Lean manufacturing and automation goes hand in hand for most of the manufacturers. Although lean dose not mean automation, automation can be a useful tool in lean processes. Automation will bring higher quality, repeatability, and consistency to the particular process. It is important to look for the possibilities of automation in a lean environment. So the question is what can we automate? What will help automation?
- Are repeated over and over again
- In every cycle there is no decision making is required
- Are with same inputs and outputs
Can be automated. But the possibility of automation depends upon the technical feasibility, cost effectiveness and other interests of the organization. It is very important to understand, if the process doesn’t require any human intervention like subjective decision making (Ex: Color and shades for a car) in theory that process can be automated.
So how can we make processes which can be automated? One of the most important concepts of lean manufacturing, standardization makes it possible to automate the processes. Standard processes define a way of operation. There is almost no requirement of human intervention to make the process happen. If it goes wrong, humans can analyze to find root causes and cure the root cause to solve the problem.

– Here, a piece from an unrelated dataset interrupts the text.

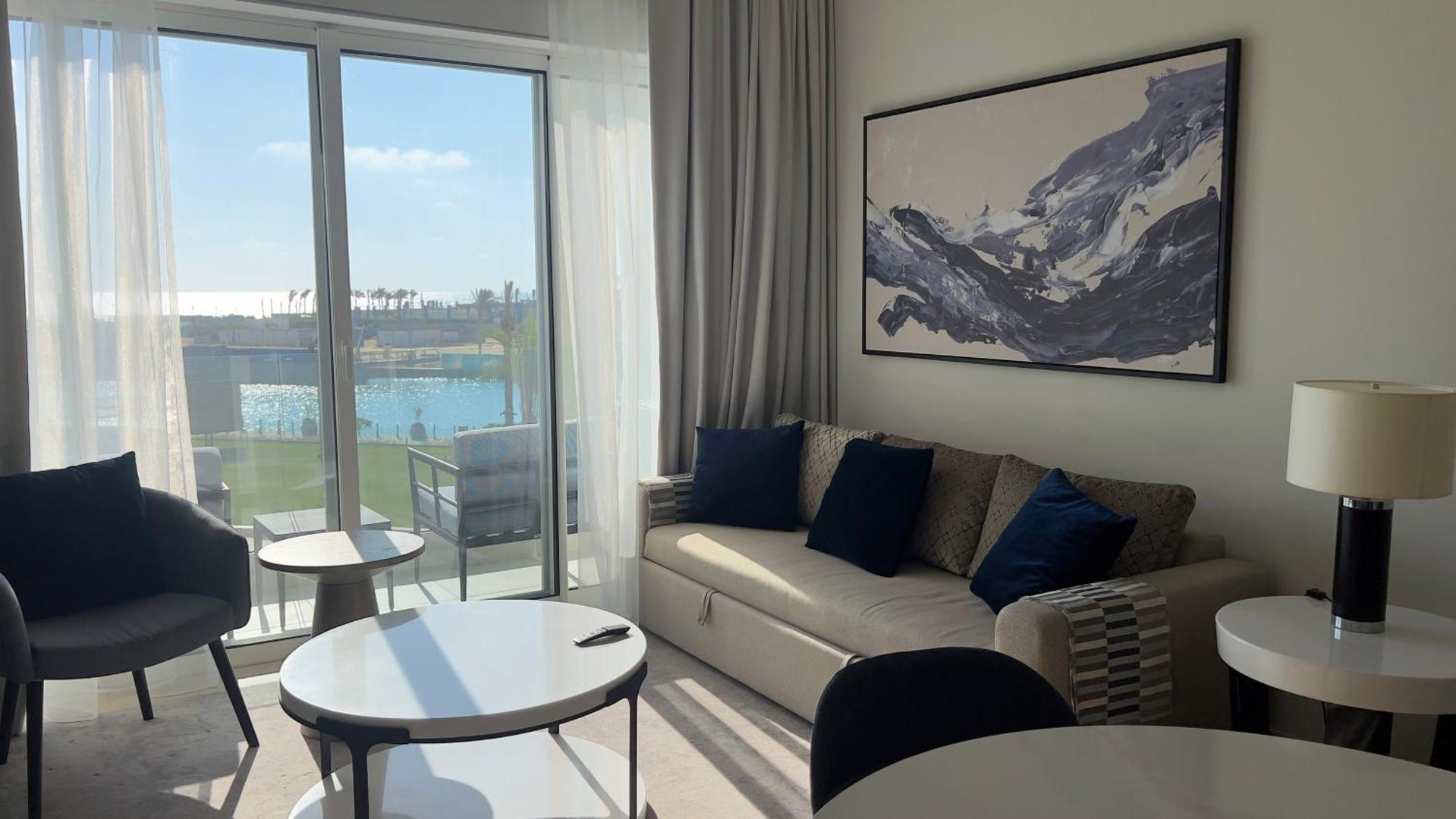 Foto 3: Marassi, Luxury Suite in Address Beach resort! service apartment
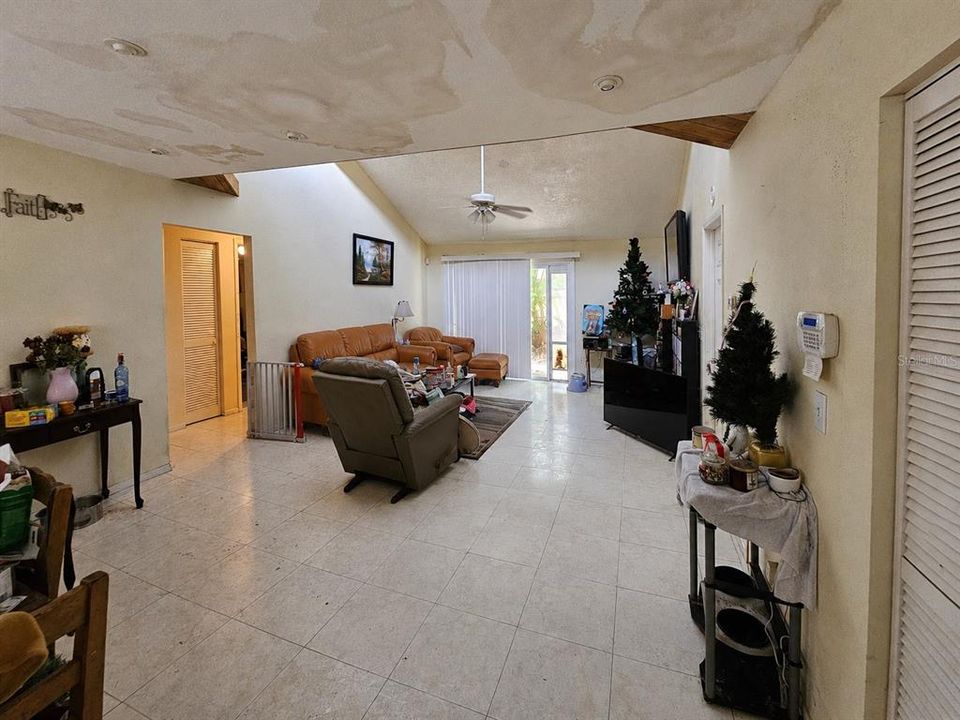 En Venta: $339,000 (4 camas, 2 baños, 1481 Pies cuadrados)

Lean provides a perfect ground for automation. But the decision to automate the process needs careful analysis. The technical feasibility, cost effectiveness of automation, environmental and social factors can influence the decision on automation.
In a concluding note, automation should not be looked as a way of reducing the head count. Lean manufacturing is built on respecting human resource. By removing that pillar or by weakening it, you can not become a lean manufacturer. Automation is to liberate people from their repeated tiring work, not to remove them from their jobs.

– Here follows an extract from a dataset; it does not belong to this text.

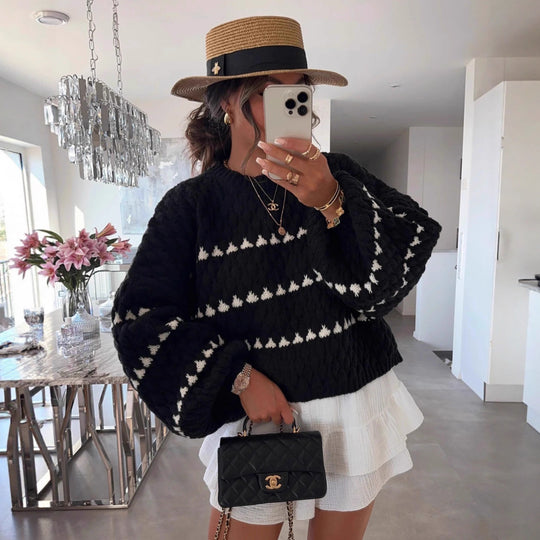 Damen Grobstrickpullover mit voluminösen Ärmeln und strukturiertem Muster EB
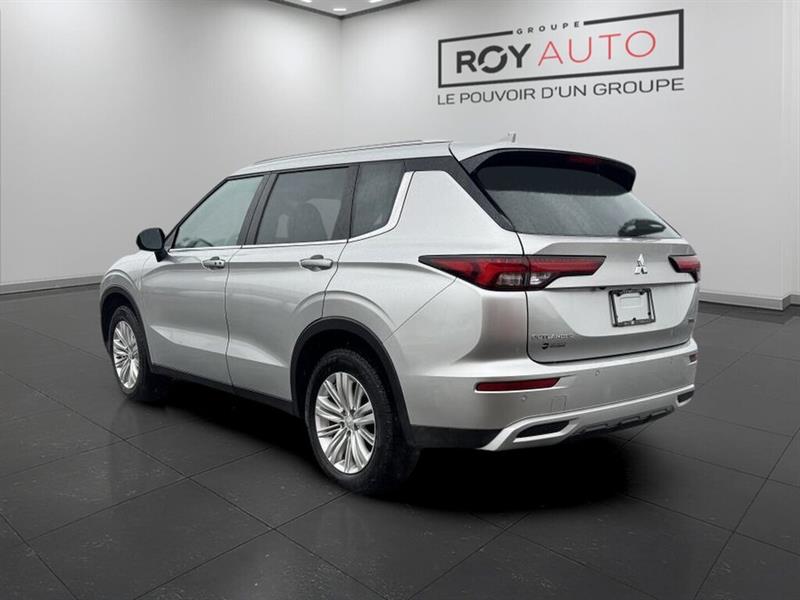 mitsubishi Outlander 2024 - 5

In lean manufacturing careful analysis and decision making plays a major role. Before any decision, it needs to be analyzed and carefully evaluated. How complicated this process is? How many tools any lean organization requires to do this analysis?
If you are a traditional manufacturer you might have a set of tools to analyze your system. And you might be making decisions based on the results. So you might know the difficulties involved. How many times you have collected data using complex methodologies and analyzed them and made no decision. How many times other departments give you another view or a report contradictory to the report you are using hence creating conflicts. So how difficult lean analysis should be and how complex and costly it should be?
In lean methodology there is a fundamental difference to the traditional methodology of data collection, analysis and making decisions. The method is formalized in lean environment. So every body will share the same way of data collection and hence will have the same information to begin with. On the other hand the tools are very simple. For an example “Go and See It for Yourself” approach reduces the need for complex data collection techniques and gives the first hand experience to the people who try to analyze the problem. Ask Why 5 times is another simple and important tool to find the cause to the problem. Collectively these processes and tools provide a formalized, standard and simple way to analyze problems, finding root cause and making decisions. All the parties involved will share the same information throughout. This makes it is very easy to implement decisions made. Importantly in the lean process of problem solving, analysis ends with decisions, unlike in many traditional organizations who ends in “analysis and paralysis” scenario.